As climate change is expected to have a significant impact on species distributions, there is an urgent challenge to provide reliable information to guide conservation biodiversity policies. In addressing this challenge, we propose a remote sensing-based approach to forecast the future habitat quality for European badger, a species not abundant and at risk of local extinction in the arid environments of southeastern Spain, by incorporating environmental variables related with the ecosystem functioning and correlated with climate and land use. Using ensemble prediction methods, we designed global spatial distribution models for the distribution range of badger using presence-only data and climate variables. Then, we constructed regional models for an arid region in the southeast Spain using EVI (Enhanced Vegetation Index) derived variables and weighting the pseudo-absences with the global model projections applied to this region. Finally, we forecast the badger potential spatial distribution in the time period 2071–2099 based on IPCC scenarios incorporating the uncertainty derived from the predicted values of EVI-derived variables. By including remotely sensed descriptors of the temporal dynamics and spatial patterns of ecosystem functioning into spatial distribution models, results suggest that future forecast is less favorable for European badgers than not including them. In addition, change in spatial pattern of habitat suitability may become higher than when forecasts are based just on climate variables. Since the validity of future forecast only based on climate variables is currently questioned, conservation policies supported by such information could have a biased vision and overestimate or underestimate the potential changes in species distribution derived from climate change. The incorporation of ecosystem functional attributes derived from remote sensing in the modeling of future forecast may contribute to the improvement of the detection of ecological responses under climate change scenarios.

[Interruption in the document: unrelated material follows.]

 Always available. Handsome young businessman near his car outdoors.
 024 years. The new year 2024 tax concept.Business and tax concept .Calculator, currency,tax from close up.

机译:由于预计气候变化将对物种分布产生重大影响,因此迫切需要提供可靠的信息来指导生物多样性保护政策。为了应对这一挑战,我们提出了一种基于遥感的方法,通过结合与生态系统功能相关的环境变量,来预测欧洲badge的未来栖息地质量,该badge在西班牙东南部的干旱环境中数量不多,有灭绝的风险并与气候和土地利用相关。使用整体预测方法,我们使用仅存在数据和气候变量为badge的分布范围设计了全局空间分布模型。然后,我们使用EVI(增强植被指数)得出的变量,为西班牙东南部的一个干旱地区建立了区域模型,并使用适用于该地区的全球模型投影对假缺勤进行了加权。最后,基于IPCC情景,我们结合了从EVI衍生变量的预测值得出的不确定性,预测了2071-2099年期间的r潜在空间分布。通过将遥感器的生态系统功能的时间动态和空间模式的描述符包括在空间分布模型中,结果表明,对欧洲future的未来预测比不包括它们更不利。此外,与仅基于气候变量进行的预测相比,生境适应性空间格局的变化可能会更高。由于目前仅基于气候变量对未来预报的有效性提出质疑,因此,此类信息所支持的保护政策可能会产生偏见,并高估或低估源自气候变化的物种分布的潜在变化。将来自遥感的生态系统功能属性纳入未来预测的建模中,可能有助于改进在气候变化情景下对生态反应的检测。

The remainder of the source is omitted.